### Abstract

Short-lived collision complexes in H or D + H_{2} (v = j = 0) → H_{2} or HD (v′, j′) + H reactive scattering give rise to broad resonance structure. Though this structure is not observable in the energy dependence of the integral cross section, it is readily seen in the energy dependence in the differential cross section σ(θ,E), as a peak along a line in the E-θ plane. The equation of this resonance line is E = E_{r}(J(θ)), where E_{r}(J) is the resonance energy as a function of total angular momentum J (i.e., the rotational quantum number of the complex) and J(θ) is the inverse function of θ(J), the effective classical deflection function for the transition.
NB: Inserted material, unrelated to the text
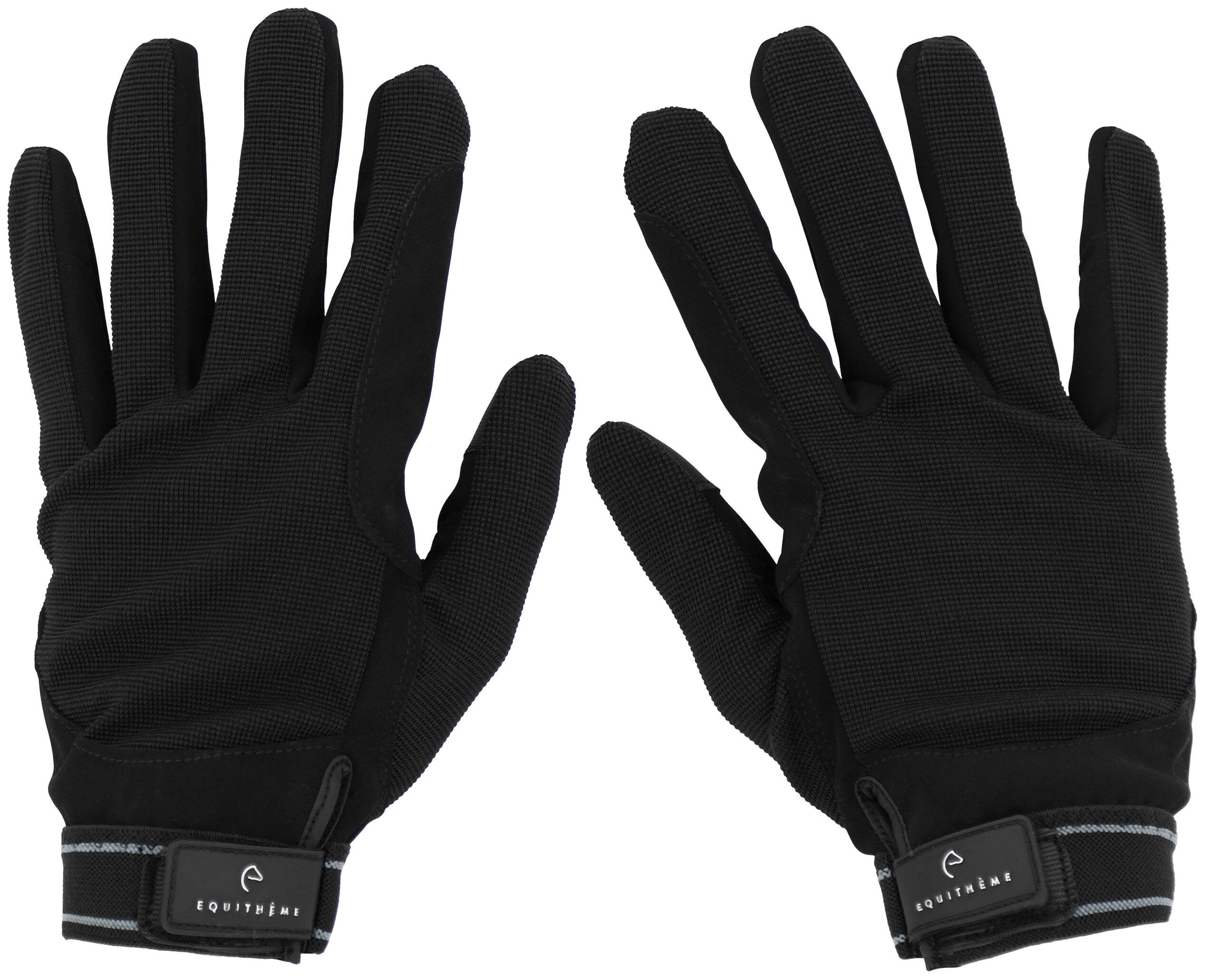 930263023_packshot_1 EQUITHÈME - Mesnil - Riding Gloves - Image 1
Observation of this resonance structure requires cross sections to individual final (v′, j′) states; it is quenched by summing over j′. It is even more enhanced in cross sections to specific final m′ states with m′ ≠ 0. (m′ is the helicity of the final state, the projection of the final diatomic molecule rotational angular momentum onto the final relative translational velocity vector.) The results reported are all from rigorous three-dimensional quantum mechanical reactive scattering calculations for these cross sections.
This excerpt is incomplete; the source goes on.